### DESCRIPTION OF THE TASK
Below this line is a set of entries; quote exactly the lines from the line that contains "소프트발란스 연어 강아지 사료 900g" to the line that contains "A limited edition", both lines included.
======== SOURCE MATERIAL
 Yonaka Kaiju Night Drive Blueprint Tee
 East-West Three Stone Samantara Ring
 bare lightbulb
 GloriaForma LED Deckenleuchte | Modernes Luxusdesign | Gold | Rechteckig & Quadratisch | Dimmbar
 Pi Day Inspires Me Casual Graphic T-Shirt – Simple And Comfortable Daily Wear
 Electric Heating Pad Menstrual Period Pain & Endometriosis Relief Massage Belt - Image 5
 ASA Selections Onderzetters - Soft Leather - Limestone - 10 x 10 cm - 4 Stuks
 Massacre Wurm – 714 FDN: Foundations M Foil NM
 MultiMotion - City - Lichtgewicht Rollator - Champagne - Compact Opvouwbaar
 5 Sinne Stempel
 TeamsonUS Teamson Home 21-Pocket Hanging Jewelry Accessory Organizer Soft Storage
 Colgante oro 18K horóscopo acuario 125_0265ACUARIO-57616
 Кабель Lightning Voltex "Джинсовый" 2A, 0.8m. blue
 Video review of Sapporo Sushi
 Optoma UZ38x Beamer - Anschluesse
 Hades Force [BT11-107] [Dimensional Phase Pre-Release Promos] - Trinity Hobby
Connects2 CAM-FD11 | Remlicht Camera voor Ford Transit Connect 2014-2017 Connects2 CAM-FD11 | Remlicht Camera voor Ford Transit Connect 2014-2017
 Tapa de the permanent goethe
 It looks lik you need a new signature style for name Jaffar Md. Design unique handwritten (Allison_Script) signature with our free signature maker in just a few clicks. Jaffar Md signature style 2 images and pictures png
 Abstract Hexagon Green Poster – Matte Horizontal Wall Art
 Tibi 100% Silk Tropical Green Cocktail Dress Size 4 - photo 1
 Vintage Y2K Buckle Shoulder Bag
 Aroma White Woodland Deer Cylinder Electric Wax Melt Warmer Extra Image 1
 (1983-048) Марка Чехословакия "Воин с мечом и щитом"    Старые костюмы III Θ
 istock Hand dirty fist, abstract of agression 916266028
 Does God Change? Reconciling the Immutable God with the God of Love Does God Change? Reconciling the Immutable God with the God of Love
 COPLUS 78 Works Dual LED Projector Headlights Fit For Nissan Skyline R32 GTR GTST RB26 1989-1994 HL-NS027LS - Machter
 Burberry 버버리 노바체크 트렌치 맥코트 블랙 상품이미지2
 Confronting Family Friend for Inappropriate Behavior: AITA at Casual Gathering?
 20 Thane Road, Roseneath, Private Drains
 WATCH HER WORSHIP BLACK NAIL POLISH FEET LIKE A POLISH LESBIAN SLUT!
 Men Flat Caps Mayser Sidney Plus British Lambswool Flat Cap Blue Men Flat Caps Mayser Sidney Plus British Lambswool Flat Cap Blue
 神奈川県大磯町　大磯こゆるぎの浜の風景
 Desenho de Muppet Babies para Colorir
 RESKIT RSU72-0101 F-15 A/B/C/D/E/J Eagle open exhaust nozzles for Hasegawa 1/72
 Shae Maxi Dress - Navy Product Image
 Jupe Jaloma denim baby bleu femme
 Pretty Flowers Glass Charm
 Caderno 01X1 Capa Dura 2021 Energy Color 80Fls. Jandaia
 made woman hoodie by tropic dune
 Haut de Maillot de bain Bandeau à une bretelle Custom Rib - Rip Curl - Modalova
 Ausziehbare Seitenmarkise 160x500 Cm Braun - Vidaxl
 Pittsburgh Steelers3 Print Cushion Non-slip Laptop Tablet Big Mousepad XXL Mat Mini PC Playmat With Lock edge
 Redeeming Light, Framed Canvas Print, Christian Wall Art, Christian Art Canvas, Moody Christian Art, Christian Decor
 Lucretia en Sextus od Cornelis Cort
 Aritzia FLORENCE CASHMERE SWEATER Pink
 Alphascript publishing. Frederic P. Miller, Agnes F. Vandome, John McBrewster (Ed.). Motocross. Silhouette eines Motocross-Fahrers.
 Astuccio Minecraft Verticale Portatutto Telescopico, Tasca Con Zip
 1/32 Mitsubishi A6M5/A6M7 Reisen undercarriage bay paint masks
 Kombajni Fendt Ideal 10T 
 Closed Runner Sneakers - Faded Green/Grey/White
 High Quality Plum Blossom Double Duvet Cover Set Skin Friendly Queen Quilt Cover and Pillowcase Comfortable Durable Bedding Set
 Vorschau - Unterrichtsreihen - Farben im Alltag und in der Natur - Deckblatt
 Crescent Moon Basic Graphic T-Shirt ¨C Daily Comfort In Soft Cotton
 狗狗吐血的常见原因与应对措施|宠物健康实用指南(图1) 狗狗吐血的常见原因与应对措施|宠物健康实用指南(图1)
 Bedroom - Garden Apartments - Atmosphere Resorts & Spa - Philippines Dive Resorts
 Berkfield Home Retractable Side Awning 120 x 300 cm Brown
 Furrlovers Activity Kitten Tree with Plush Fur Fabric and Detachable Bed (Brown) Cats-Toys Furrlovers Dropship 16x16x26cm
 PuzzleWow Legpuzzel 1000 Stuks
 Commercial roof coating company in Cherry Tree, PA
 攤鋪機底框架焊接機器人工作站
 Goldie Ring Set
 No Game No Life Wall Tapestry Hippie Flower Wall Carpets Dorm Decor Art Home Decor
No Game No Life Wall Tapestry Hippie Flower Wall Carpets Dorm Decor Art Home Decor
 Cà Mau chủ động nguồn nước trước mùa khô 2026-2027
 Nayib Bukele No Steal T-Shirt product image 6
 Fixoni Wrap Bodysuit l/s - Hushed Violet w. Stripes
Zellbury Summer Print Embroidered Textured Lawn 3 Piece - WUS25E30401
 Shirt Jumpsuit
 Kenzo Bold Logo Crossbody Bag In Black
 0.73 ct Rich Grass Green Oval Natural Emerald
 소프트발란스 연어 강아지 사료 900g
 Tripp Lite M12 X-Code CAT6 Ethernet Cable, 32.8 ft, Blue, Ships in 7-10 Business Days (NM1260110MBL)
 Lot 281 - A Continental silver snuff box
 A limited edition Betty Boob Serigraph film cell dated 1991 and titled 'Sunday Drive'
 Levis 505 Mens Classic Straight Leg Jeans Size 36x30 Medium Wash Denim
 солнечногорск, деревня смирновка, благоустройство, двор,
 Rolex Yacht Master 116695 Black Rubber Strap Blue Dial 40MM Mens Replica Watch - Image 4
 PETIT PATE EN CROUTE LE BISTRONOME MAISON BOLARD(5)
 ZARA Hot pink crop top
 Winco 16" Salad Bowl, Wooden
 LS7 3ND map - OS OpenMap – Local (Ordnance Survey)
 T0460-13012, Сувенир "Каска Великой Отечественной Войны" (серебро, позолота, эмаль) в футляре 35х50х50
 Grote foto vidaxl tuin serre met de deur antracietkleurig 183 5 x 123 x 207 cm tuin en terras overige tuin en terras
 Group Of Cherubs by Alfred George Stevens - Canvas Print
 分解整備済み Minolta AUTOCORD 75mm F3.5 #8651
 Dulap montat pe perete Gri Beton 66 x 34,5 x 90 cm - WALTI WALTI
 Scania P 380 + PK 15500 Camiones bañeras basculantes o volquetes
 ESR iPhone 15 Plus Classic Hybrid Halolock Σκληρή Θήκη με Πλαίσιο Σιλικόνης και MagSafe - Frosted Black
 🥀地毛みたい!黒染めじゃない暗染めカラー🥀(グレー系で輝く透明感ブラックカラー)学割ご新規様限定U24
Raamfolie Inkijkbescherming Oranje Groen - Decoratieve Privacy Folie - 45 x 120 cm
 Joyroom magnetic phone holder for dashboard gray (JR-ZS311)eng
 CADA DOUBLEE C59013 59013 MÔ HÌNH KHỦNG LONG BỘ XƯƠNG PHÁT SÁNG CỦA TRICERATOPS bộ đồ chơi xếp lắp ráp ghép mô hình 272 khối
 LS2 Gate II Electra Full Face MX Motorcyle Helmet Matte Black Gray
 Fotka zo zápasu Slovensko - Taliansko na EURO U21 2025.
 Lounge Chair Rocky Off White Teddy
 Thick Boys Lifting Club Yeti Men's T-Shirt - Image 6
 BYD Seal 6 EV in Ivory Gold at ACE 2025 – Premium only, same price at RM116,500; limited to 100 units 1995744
================
### EXPECTED ANSWER
 소프트발란스 연어 강아지 사료 900g
 Tripp Lite M12 X-Code CAT6 Ethernet Cable, 32.8 ft, Blue, Ships in 7-10 Business Days (NM1260110MBL)
 Lot 281 - A Continental silver snuff box
 A limited edition Betty Boob Serigraph film cell dated 1991 and titled 'Sunday Drive'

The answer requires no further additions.